Dataset records section start

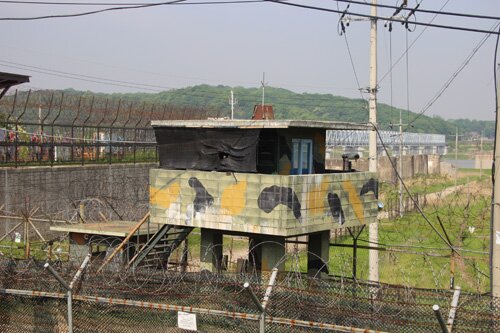 Sổ tay du lịch so tay du lich Sotaydulich Sotay Dulich Khampha Kham Pha Bui Biên giới Triều Tiên - Hàn Quốc, nơi thời gian ngừng trôi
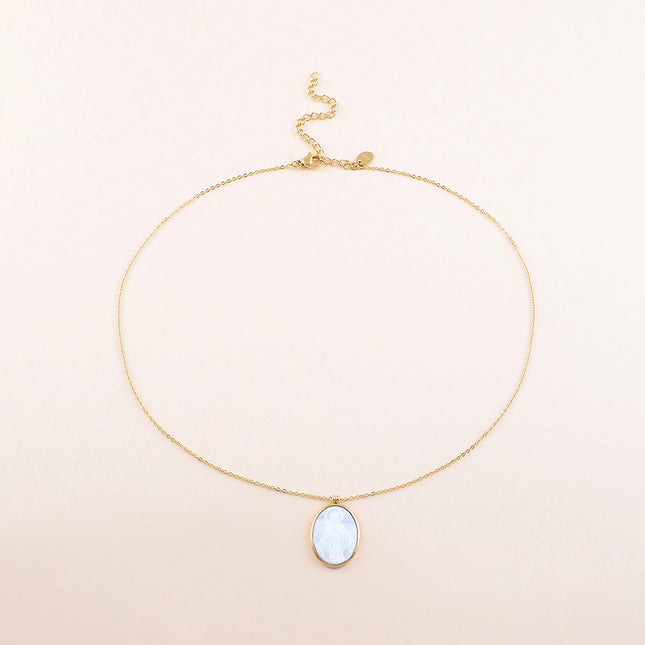 Collier - médaillon ovale et pièce nacrée de la Madone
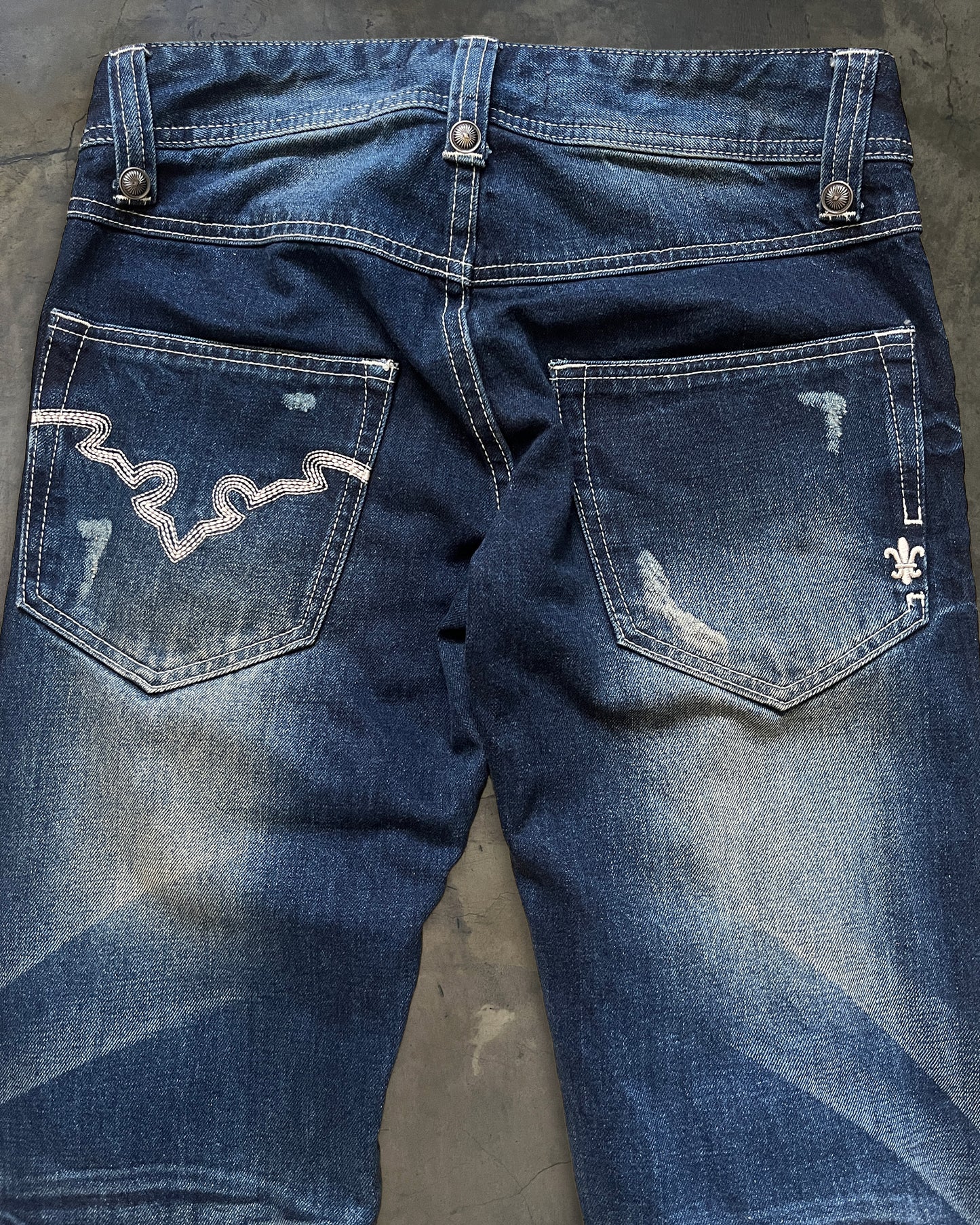 COOK JEANS WHISKERED DENIM WITH HARDWARE ★★★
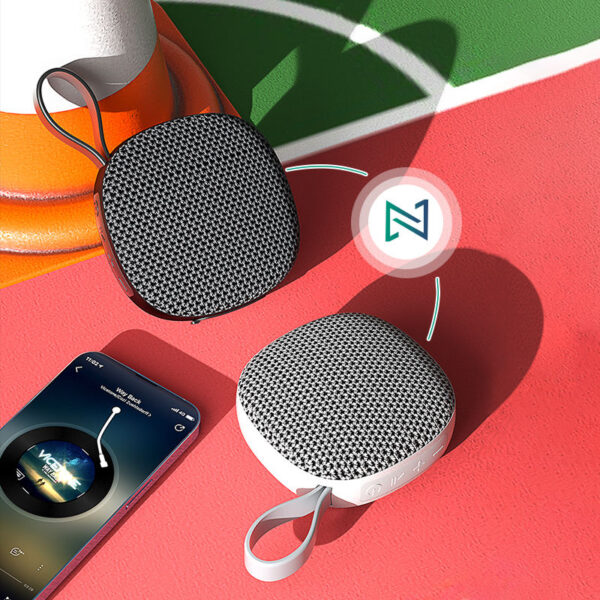 Portable outdoor Bluetooth speaker for sports and entertainment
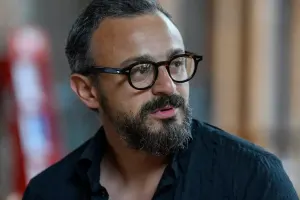 Məşhur müğənni dələduzların torundan bu yolla qurtuldu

Dataset records section end

*What to work on*. From the line containing "Collier - médaillon" to the end of the data above, give those lines again verbatim, with both endpoints included and no images.

*Answer space*.
 Collier - médaillon ovale et pièce nacrée de la Madone
 COOK JEANS WHISKERED DENIM WITH HARDWARE ★★★
 Portable outdoor Bluetooth speaker for sports and entertainment
 Məşhur müğənni dələduzların torundan bu yolla qurtuldu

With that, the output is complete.